Effects of Probiotics on Microbial Translocation and Immune Activation Markers in HIV-positive Patients on Combined Antiretroviral Therapy
NCT02164344 · Status: UNKNOWN · Phase: NA · Type: INTERVENTIONAL · Enrollment: 30
Last updated 2014-06-16
Summary
Combined antiretroviral therapy (cART)-treated patients have increased mortality and morbidity compared to age-matched seronegative individuals. This increased mortality and morbidity has been associated to immune activation that persists also in patients under cART even with undetectable levels of HIV-RNA in blood. Indeed, HIV-infected patients, irrespective of cART treatment, show higher levels of activated T cells, inflammatory monocytes and proinflammatory cytokines than seronegative individuals. Several putative causes of this residual inflammation have been proposed and include ongoing HIV replication at low levels, the presence of coinfections such as cytomegalovirus, and microbial translocation.

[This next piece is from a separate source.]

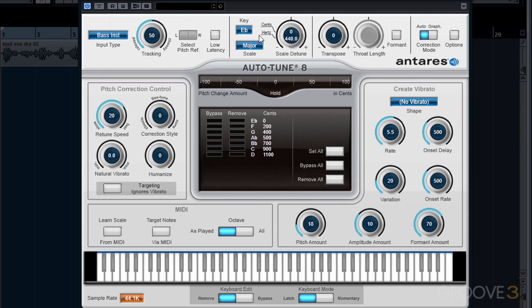If we're singing along with an instrument that's not tuned to a correct reference pitch, we have a scale detune knob that allows us to put the vocal in tune with that instrument by either raising or lowering it. It will affect the entire pitch of our vocal part, so you'll only need to adjust this setting if the instruments behind the vocal aren't in perfect tune.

None of these causes are mutually exclusive and understanding the degree to which of these three cause residual inflammation in cART-treated individuals will require novel therapeutic interventions aimed at alleviated each putative cause.
In this longitudinal study we aim:
1. to reduce microbial translocation induced inflammation in cART-treated individuals with supplementation of cART with the probiotics.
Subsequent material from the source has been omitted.